Kompak Pakai Pakaian Adat, Bupati, Wabup dan Ketua DPRD Pacitan Ikuti Upacara Hari Jadi ke-76 Provinsi Jatim

oleh -Dibaca 471 kali
KOMPAK. Bupati, Wabup dan Ketua DPRD kompak pakai lurik Pacitan dalam momen Hari Jadi ke-76 Jatim pada Rabu (13/10/2021). (Foto: Dok. Humas Pemkab Pacitan)

Pacitanku.com, PACITAN – Bupati Pacitan Indrata Nur Bayuaji bersama Forkopimda, Rabu (13/10/2021) mengikuti Upacara Peringatan Hari Jadi Ke-76 Provinsi Jawa Timur di ruang rapat bupati.

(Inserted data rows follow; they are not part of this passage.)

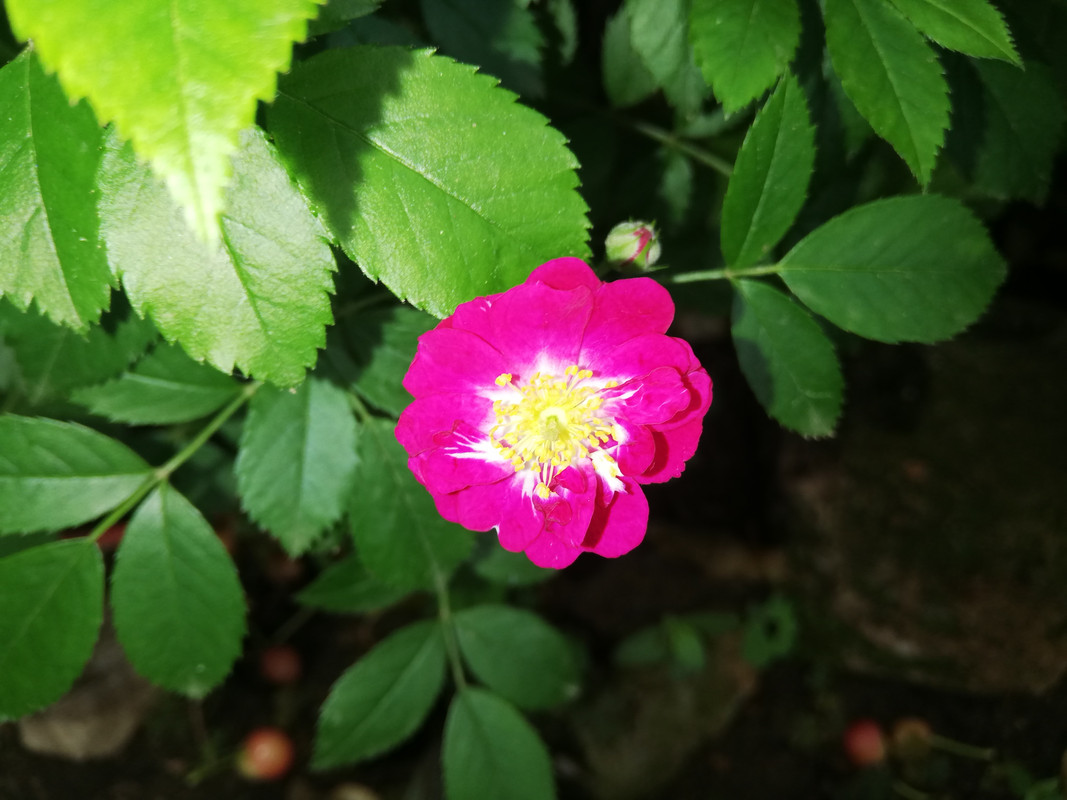 IMG_20190521_091544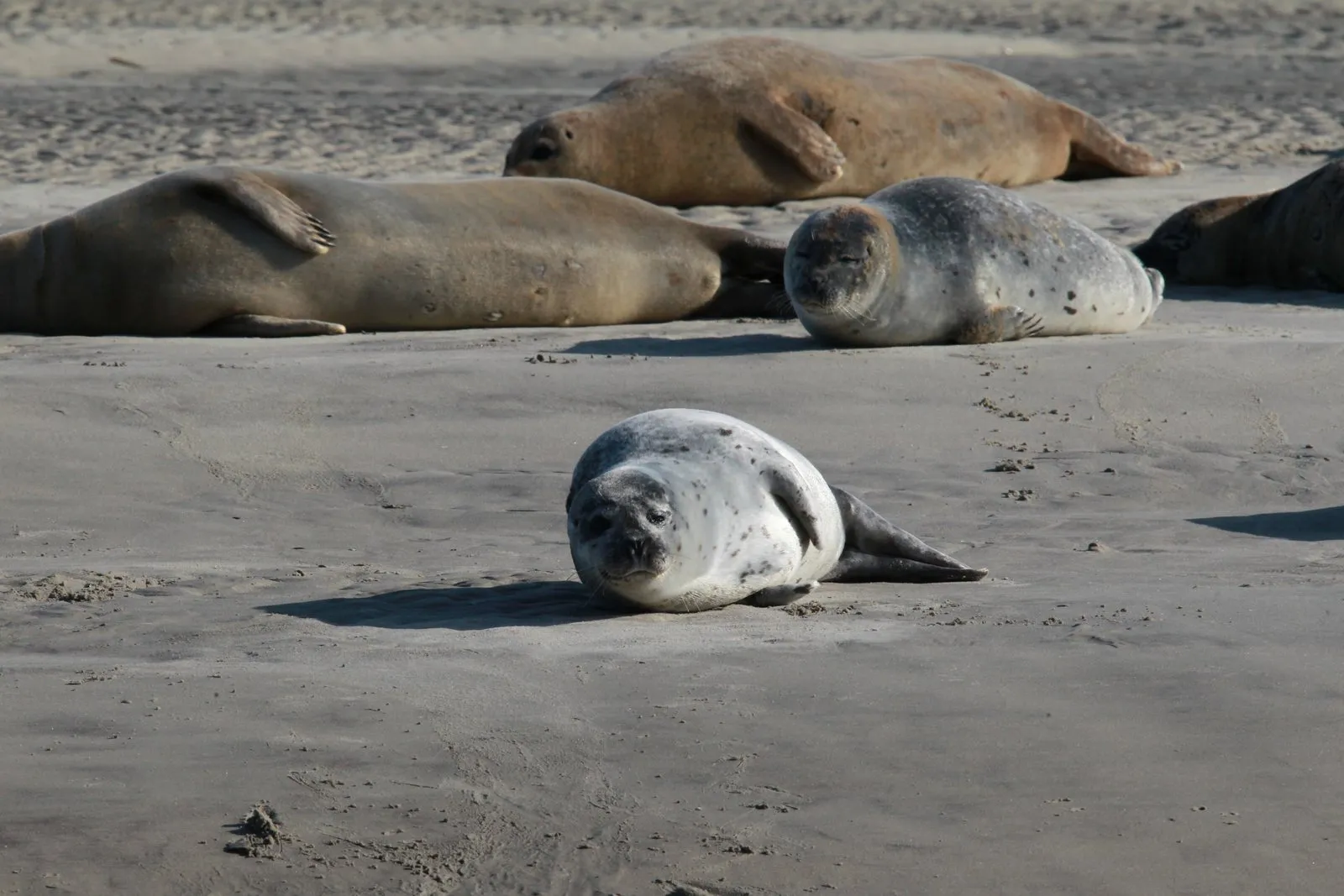 Des phoques veaux-marins au repos sur le sable, en baie d’Authie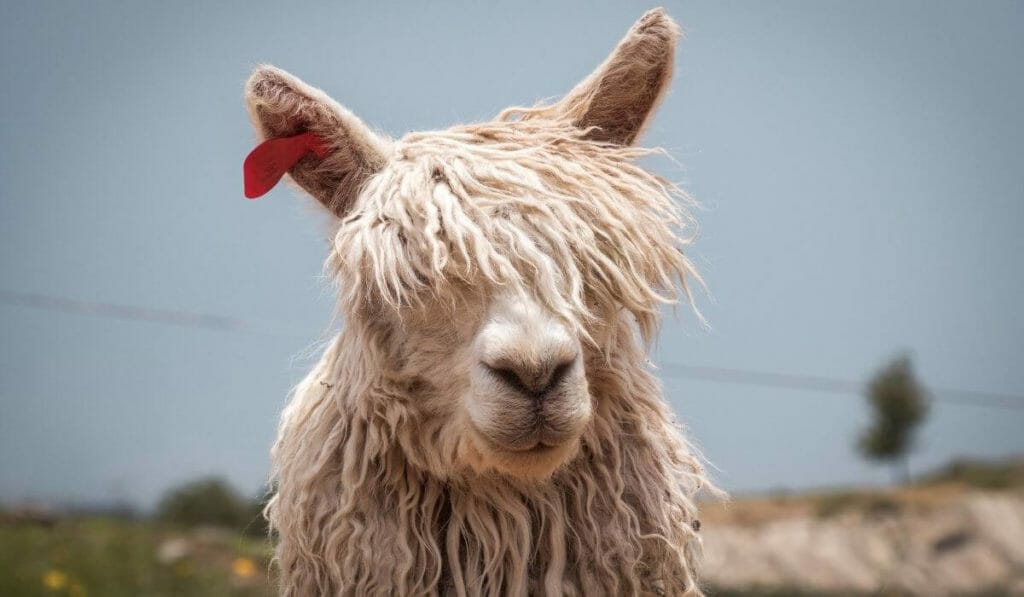 Visiting Givskud zoo alpacas
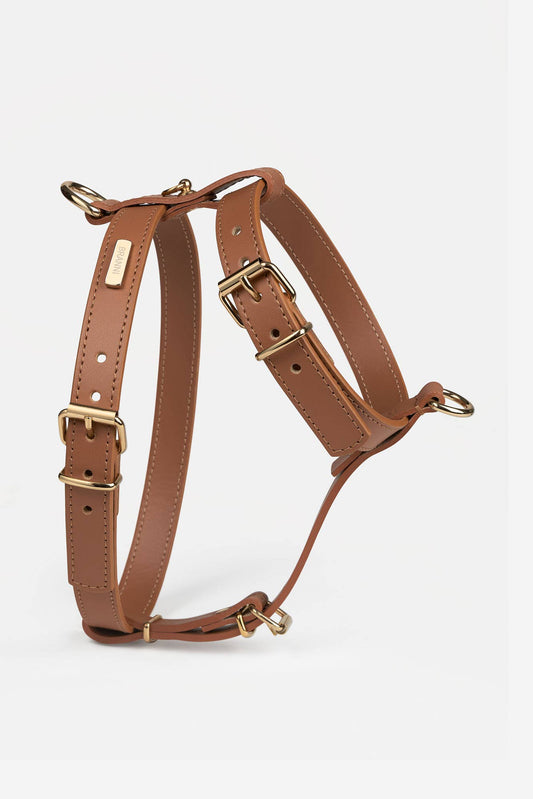 Leather harness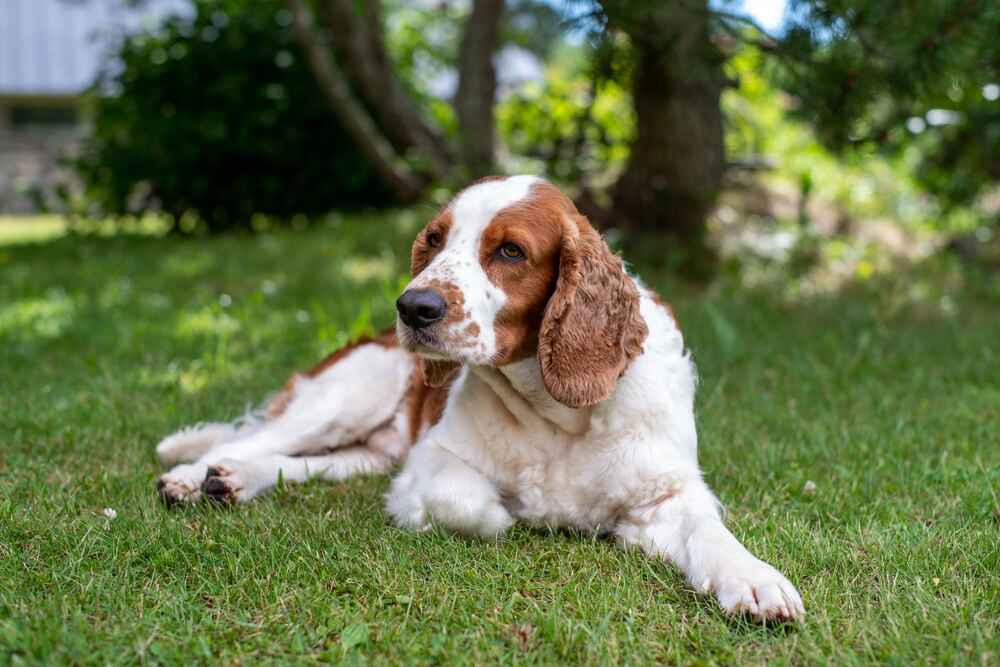 Какой характер у английского спрингер-спаниеля?
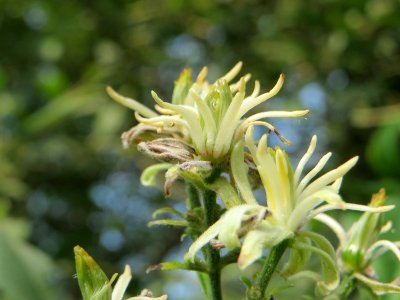 20140907Clematis_vitalba1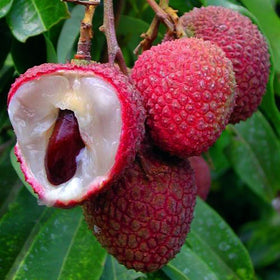 Mixrug lychee seeds packet for home cultivation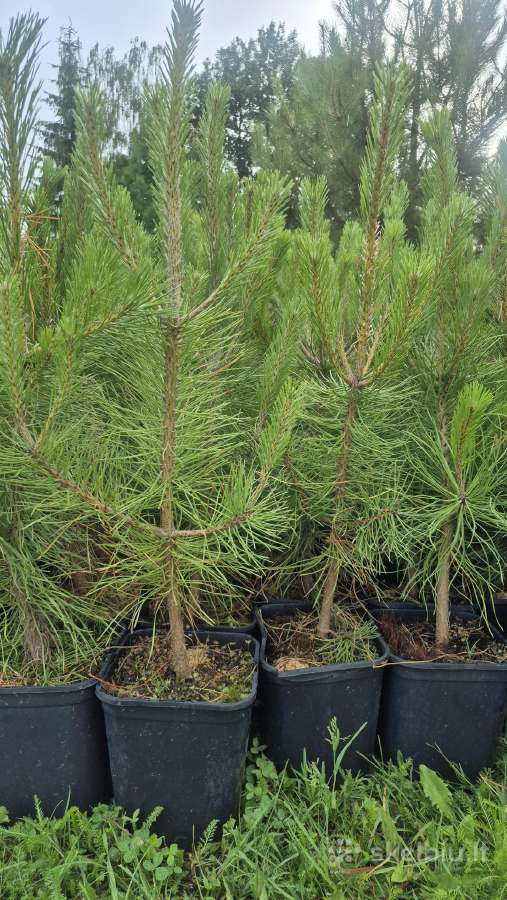 Juodoji pušis ,pinus nigra,nigra nigra
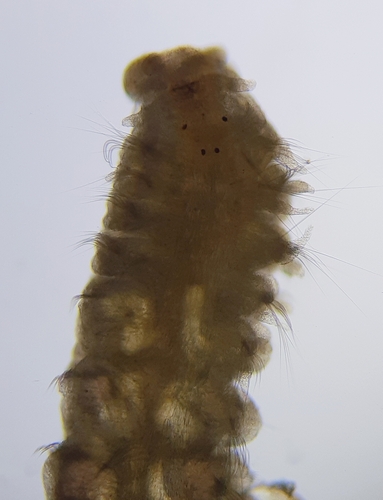 Spiophanes bombyx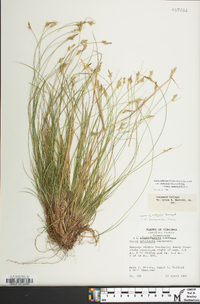 Carex emmonsii image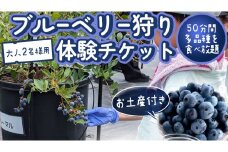 【寄附受付は2025年7月29日まで】 ブルーベリー狩り 体験チケット 《大人２名様プラン お土産付き》 ブルーベリー ベリー 食べ比べ 食べ放題 収穫 収穫体験 体験 チケット 招待券 レジャー 観光 旅行 ふれあい お土産 おみやげ 持ち帰り テイクアウト 多品種 果実 果物 くだもの フルーツ 自然体験 農業体験 茨城県 桜川市 [DZ007sa]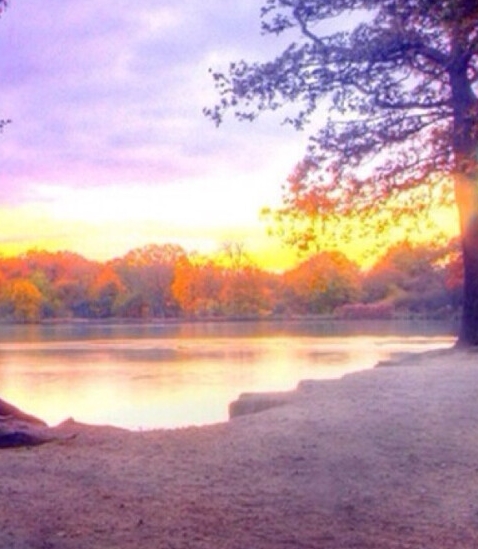 粉象生活我的邀请人在哪里找
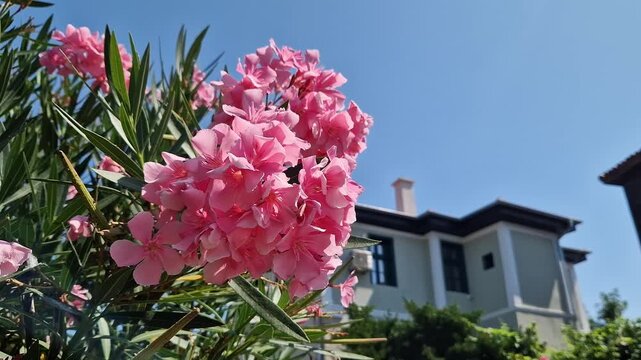 Pink oleander flowers (Nerium oleander) close-up on a blurred background of a green garden and a house on a sunny day. Bright pink flowers of a tropical shrub oleander with narrow green leaves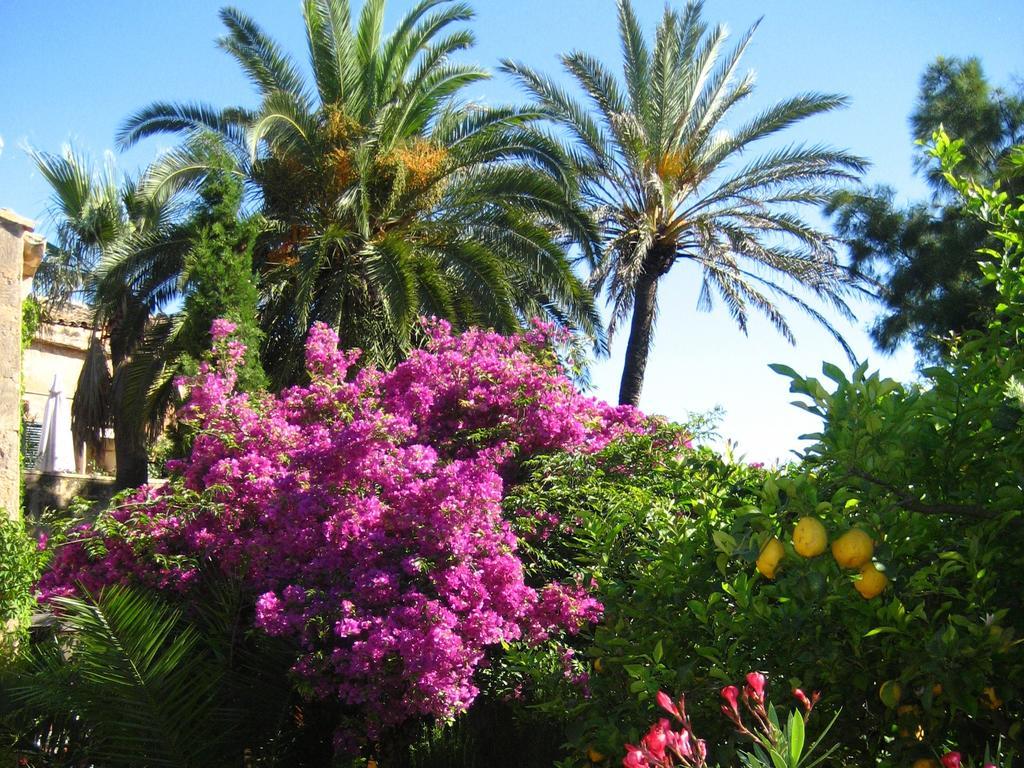 Finca Raims Algaida (Mallorca) Exterior foto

Upacara yang dipimpin Gubernur Jawa Timur Khofifah Indar Parawansa itu dilaksanakan secara virtual langsung dari Gedung Negara Grahadi Surabaya.

Yang cukup unik, ketiga pimpinan daerah, yakni Bupati Indrata Nur Bayuaji, Wakil Bupati Gagarin dan Ketua DPRD Pacitan Ronny Wahyono kompak mengenakan pakaian adat atau baju tradisional. Ketiganya kompak mengenakan baju lurik khas Pacitan, lengkap dengan ikat kepala blangkon khas Jatim.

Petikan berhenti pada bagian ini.